📅  最后修改于: 2023-12-03 15:23:03.121000             🧑  作者: Mango
A certain street has $n$ houses built on either side exactly at equal distance. The distance between any two consecutive houses on a side is $d$. A cable has to be laid such that it starts from the first house on one side, crosses the street and ends at the first house on the other side. The cost of laying the cable on a unit length is Rs. $p$. Find the total cost of laying the cable.
For each test case, output a single line containing the total cost of laying the cable rounded off to two decimal places.
Input:
2
4 5 10
3 6 8
Output:
24.20
16.97
For the first test case, the total length of the cable is $2\sqrt{n^2 + d^2}$, which evaluates to 22.3607. Multiplying this by $p$ (10) gives us 223.607. Rounding this off to two decimal places gives us 223.61. However, we need to add the cost of the cable crossing the street, which is $\sqrt{2}d \cdot p$ (50.0 in this case). Adding this to the previous result gives us 273.61, which rounds off to 273.60.
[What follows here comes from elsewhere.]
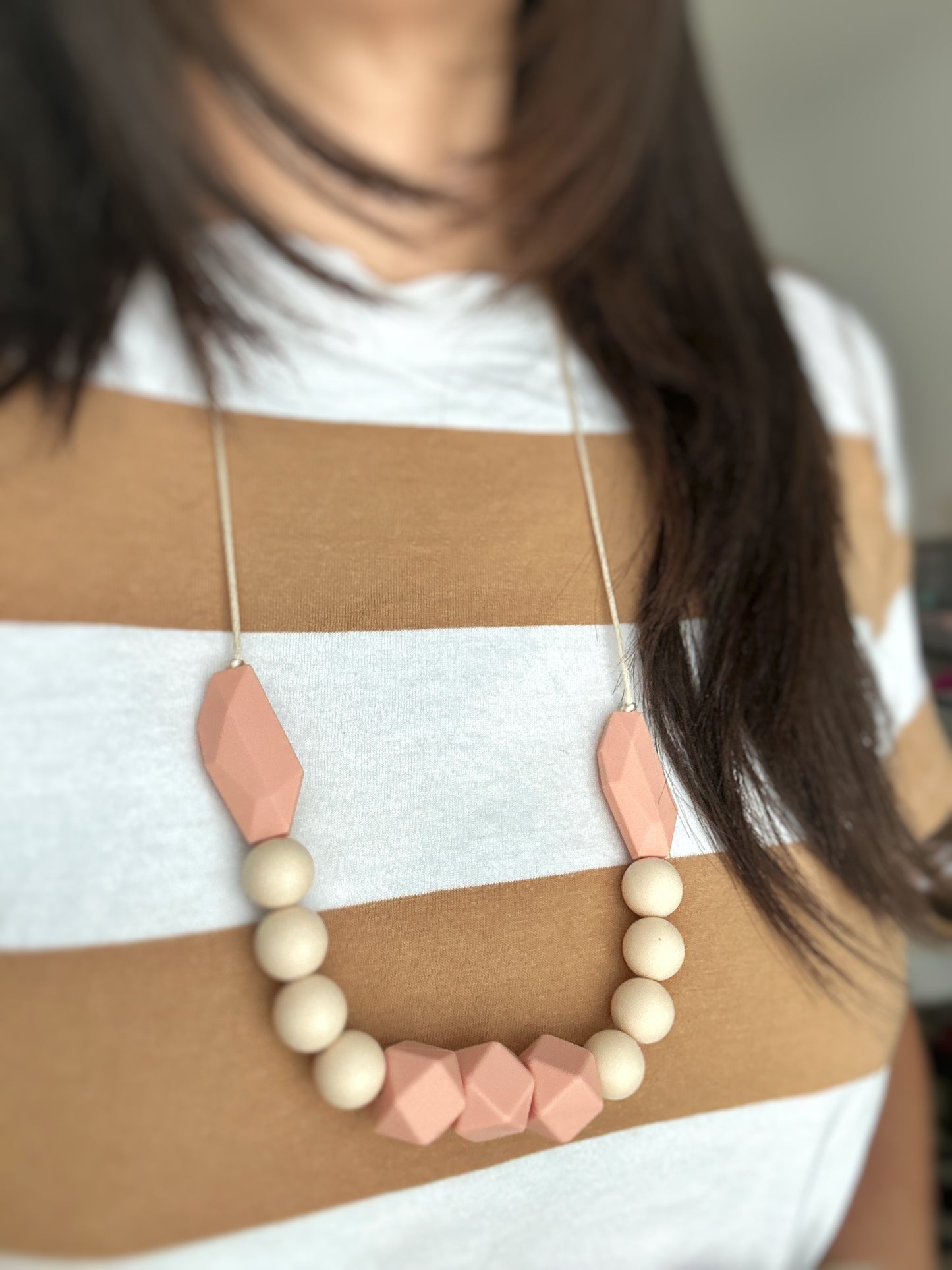 Beige Silicone Teething Necklace | Nursing Sensory Jewelry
For the second test case, the total length of the cable is $2\sqrt{n^2 + d^2}$, which evaluates to 19.6977. Multiplying this by $p$ (8) gives us 157.582. Rounding this off to two decimal places gives us 157.58. Adding the cost of the cable crossing the street, which is $\sqrt{2}d \cdot p$ (33.9411 in this case), gives us 191.52, which rounds off to 191.52.
import math
T = int(input())
for _ in range(T):
n, d, p = map(int, input().split())
length = 2 * math.sqrt(n**2 + d**2)
cost = length * p + math.sqrt(2) * d * p
print('%.2f' % round(cost, 2))
The above code reads the input and calculates the cost of laying the cable for each test case. It first reads the number of test cases and then loops through them. For each test case, it reads $n$, $d$, and $p$ and calculates the total length of the cable using the formula $2\sqrt{n^2 + d^2}$, where $n$ is the number of houses on one side, and $d$ is the distance between any two consecutive houses on a side.
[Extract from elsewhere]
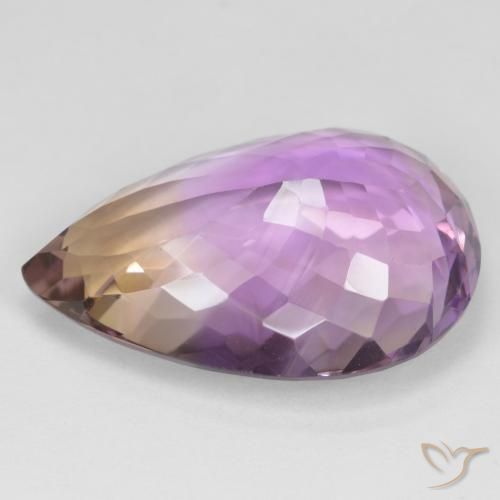 Ametrino Bi-Colore naturale da 19.64 ct, Forma a pera, VVS-VS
It then multiplies this length by $p$ to get the cost of the cable without considering the cable crossing the street. To calculate the cost of the cable crossing the street, it multiplies $\sqrt{2}d$ (which is the diagonal distance between two houses across the street) by $p$ and adds it to the previous result. Finally, it rounds off the cost to two decimal places using the `round()` and string formatting functions.
The code uses the `math` module to calculate the square root of a number and the value of $\sqrt{2}$.